The cross still stands
The U.S. Supreme Court’s ruling on the Bladensburg cross could curb hostility toward religion
The U.S. Supreme Court’s 7-2 decision Thursday in favor of a nearly century-old memorial cross in Bladensburg, Md., signaled that the justices want to leave more room for religion in the public square.
The American Humanist Association sued the American Legion and local parks department to take down the 40-foot cross monument, which an American Legion post erected in 1925 to honor local men who died in World War I. A U.S. District Court judge in Maryland ruled the memorial could stay in 2015, but a three-judge panel of the 4th U.S. Circuit Court of Appeals declared the cross a violation of the Establishment Clause found in the First Amendment to the U.S. Constitution.

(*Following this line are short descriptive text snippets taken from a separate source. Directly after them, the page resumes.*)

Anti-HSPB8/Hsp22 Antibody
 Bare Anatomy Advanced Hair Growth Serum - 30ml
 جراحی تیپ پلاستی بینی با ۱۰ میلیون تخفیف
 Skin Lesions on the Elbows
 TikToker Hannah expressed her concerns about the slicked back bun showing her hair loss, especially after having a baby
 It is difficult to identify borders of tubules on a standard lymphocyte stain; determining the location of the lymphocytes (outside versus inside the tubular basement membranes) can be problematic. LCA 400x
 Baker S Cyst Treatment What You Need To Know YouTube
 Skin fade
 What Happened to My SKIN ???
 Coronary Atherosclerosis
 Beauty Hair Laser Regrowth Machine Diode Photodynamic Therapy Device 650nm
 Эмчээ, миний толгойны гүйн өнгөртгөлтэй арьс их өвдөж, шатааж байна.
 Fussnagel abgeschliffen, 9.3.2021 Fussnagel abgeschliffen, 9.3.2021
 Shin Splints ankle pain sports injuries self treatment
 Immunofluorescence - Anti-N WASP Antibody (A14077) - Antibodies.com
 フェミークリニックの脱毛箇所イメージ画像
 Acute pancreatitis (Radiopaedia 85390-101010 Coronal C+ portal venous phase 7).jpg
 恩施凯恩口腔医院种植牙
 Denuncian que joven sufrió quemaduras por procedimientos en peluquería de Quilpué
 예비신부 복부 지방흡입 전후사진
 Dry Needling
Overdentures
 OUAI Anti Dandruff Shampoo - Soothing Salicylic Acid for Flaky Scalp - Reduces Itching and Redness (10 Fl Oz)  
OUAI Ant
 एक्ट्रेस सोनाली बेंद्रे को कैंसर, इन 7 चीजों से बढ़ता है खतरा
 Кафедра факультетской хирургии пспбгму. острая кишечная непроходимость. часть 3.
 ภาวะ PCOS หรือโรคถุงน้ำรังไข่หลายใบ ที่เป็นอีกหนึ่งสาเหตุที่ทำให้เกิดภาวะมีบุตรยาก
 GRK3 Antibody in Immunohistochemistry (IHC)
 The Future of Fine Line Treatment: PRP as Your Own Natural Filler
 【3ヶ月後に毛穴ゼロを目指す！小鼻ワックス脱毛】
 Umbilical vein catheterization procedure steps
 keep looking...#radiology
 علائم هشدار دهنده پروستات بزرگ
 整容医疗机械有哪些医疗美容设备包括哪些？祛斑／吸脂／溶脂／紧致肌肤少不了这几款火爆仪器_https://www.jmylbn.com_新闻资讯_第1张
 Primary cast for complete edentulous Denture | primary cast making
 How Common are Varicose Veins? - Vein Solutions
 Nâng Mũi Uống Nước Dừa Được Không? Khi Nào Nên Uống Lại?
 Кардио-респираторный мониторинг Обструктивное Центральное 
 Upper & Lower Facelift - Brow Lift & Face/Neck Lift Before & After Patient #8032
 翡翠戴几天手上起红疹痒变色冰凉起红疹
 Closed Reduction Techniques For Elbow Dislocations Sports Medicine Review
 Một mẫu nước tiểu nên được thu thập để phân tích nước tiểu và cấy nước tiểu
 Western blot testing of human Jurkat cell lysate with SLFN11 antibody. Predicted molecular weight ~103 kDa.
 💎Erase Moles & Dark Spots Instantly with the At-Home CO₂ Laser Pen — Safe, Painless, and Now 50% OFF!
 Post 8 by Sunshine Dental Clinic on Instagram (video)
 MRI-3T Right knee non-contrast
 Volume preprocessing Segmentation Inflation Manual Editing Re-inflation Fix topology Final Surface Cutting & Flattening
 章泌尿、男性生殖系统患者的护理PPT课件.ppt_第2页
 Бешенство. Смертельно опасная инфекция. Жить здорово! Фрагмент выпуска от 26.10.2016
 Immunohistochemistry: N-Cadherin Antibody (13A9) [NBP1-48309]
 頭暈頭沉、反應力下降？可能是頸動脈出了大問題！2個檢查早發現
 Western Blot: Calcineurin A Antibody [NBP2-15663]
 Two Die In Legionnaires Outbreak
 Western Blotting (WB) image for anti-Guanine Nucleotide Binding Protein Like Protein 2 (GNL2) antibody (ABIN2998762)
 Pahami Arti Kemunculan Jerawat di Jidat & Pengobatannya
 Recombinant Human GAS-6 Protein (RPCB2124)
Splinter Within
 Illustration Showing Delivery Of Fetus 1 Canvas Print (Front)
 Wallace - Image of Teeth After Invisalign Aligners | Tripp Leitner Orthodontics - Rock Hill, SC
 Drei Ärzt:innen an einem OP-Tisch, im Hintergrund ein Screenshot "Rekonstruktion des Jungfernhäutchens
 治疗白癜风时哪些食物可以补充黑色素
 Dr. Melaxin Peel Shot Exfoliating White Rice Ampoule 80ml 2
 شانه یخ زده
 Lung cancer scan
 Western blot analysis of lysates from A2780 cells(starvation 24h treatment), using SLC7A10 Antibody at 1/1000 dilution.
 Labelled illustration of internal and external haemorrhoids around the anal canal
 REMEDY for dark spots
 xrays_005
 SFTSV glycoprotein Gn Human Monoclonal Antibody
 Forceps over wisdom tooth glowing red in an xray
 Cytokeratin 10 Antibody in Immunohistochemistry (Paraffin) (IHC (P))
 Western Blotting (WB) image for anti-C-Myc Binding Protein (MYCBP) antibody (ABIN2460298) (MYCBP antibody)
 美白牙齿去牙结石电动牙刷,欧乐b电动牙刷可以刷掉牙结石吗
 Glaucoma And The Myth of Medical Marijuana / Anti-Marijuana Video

The case gave the justices an opportunity to clarify the court’s interpretation of the Establishment Clause, which prohibits the U.S. government from establishing an official religion. A case from the 1970s set a precedent known as the Lemon test, a multipart question used to determine whether government actions are in violation of the clause. The test, which grew out of the 1971 case Lemon v. Kurtzman, asked whether a reasonable observer would interpret a state action as an establishment of religion. The standard proved difficult to apply and led to contradictory rulings. In 2005, the Supreme Court ruled that two framed copies of the Ten Commandments on display in a couple of Kentucky courthouses violated the Establishment Clause but a 6-foot-tall granite Ten Commandments monument on the Texas Capitol grounds in Austin did not.
“The Lemon test is what has caused all this hostility to religion by the government and all these lawsuits against nativity scenes and menorahs and crosses and Ten Commandments,” said Kelly Shackelford, president of First Liberty, a law firm specializing in religious liberty cases that helped defend the American Legion and its cross in Bladensburg.
In the ruling, six justices indicated the Lemon test didn’t apply to a broad swath of cases, solidifying the place of religious symbolism and practice in the public square. But their decision still leaves some issues to be worked out in future cases. While the justices agreed Lemon doesn’t work, Justice Samuel Alito’s main plurality opinion was only signed by three others—Chief Justice John Roberts and Justices Stephen Breyer and Brett Kavanaugh—and the justices filed seven more opinions, signaling uncertainty about the new path forward. Justices Elena Kagan, Neil Gorsuch, and Clarence Thomas voted with the majority but filed separate opinions.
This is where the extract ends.